- **Data under study**:
○ ○ ○ ○ ○ ○ ○
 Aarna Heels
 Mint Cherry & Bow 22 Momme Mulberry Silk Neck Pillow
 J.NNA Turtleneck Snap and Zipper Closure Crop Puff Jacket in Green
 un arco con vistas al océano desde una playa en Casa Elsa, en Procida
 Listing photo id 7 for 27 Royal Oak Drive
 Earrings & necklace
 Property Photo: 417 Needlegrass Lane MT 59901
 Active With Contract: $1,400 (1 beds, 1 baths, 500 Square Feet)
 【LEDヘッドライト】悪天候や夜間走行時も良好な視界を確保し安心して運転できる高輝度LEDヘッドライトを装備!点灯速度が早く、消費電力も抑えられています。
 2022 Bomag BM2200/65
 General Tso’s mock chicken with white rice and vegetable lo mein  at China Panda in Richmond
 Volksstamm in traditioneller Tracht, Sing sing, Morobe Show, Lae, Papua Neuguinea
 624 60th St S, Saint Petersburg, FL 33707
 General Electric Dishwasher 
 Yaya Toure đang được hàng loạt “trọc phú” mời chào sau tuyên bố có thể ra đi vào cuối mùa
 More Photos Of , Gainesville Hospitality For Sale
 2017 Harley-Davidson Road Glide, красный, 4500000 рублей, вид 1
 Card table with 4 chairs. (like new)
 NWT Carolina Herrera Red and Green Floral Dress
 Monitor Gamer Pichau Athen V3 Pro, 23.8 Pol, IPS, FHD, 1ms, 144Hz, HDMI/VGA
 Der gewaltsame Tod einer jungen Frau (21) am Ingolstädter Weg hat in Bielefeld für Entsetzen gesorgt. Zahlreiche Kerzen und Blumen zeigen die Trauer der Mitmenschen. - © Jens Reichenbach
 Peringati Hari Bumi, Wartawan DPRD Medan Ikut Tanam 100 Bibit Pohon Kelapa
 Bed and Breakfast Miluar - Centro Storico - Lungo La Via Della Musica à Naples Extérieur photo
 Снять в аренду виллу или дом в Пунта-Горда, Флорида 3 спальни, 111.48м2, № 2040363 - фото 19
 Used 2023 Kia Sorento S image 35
○ ○ ○ ○ ○ ○ ○
- **Exercise**:
Only the lines above from the line with "Volksstamm in traditioneller" to the line with "NWT Carolina Herrera", those two lines included, should be reproduced exactly.

- **Response to this task**:
 Volksstamm in traditioneller Tracht, Sing sing, Morobe Show, Lae, Papua Neuguinea
 624 60th St S, Saint Petersburg, FL 33707
 General Electric Dishwasher 
 Yaya Toure đang được hàng loạt “trọc phú” mời chào sau tuyên bố có thể ra đi vào cuối mùa
 More Photos Of , Gainesville Hospitality For Sale
 2017 Harley-Davidson Road Glide, красный, 4500000 рублей, вид 1
 Card table with 4 chairs. (like new)
 NWT Carolina Herrera Red and Green Floral Dress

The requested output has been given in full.